For info, I compared the sizes of a neatly trimmed output (using a Serialization proxy class) with the best achievable without one. 277 bytes without, 99 bytes with a proxy. So, this isn't an esoteric problem.
What would you think of using a ThreadLocal to cache the result value between readObject() and readResolve() ? (making everything transient and using a dedicated format)
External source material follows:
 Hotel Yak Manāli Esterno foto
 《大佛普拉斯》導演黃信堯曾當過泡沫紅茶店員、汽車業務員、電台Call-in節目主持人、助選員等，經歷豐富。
What do you think of the general idea of readObjectAndResolve() ? (for JDK 7+)
Stephen
On 31 January 2010 13:35, Alan Bateman <Alan.Bateman at sun.com> wrote:
Stephen Colebourne wrote:
I thought I'd raise an issue with serialization that I've had a problem with more than once. Perhaps there is an obvious easy solution, but I can't see it (I can see hard workarounds...) In JSR-310 we have lots of immutable classes. One of these stores four fields: private final String name private final Duration duration private final List periods private final int hashCode For serialization, I only need to store the name, duration and element zero from the periods list. (The rest of the period list is a cache derived from the first element. Similarly, I want to cache the hash code in the constructor as this could be performance critical.). Storing just these fields can be done easily using writeObject() In the JDK there are places that use unsafe's putObjectVolatile to workaround this. It's also possible to use reflection hacks in some cases. There is more discussion here: http://bugs.sun.com/viewbug.do?bugid=6379948 Doug Lea and the concurrency group were working on a Fences API that included a method for safe publication so that one can get the same effects as final for cases where it's not possible to declare a field as field. For the hashCode case above then perhaps it doesn't necessary to compute the hash code in the constructor or when reconstituting the object. Instead perhaps the hashCode method could compute and set the hashCode field when it sees the value is 0 (no need to be volatile and shouldn't matter if more than one thread computes it). -Alan.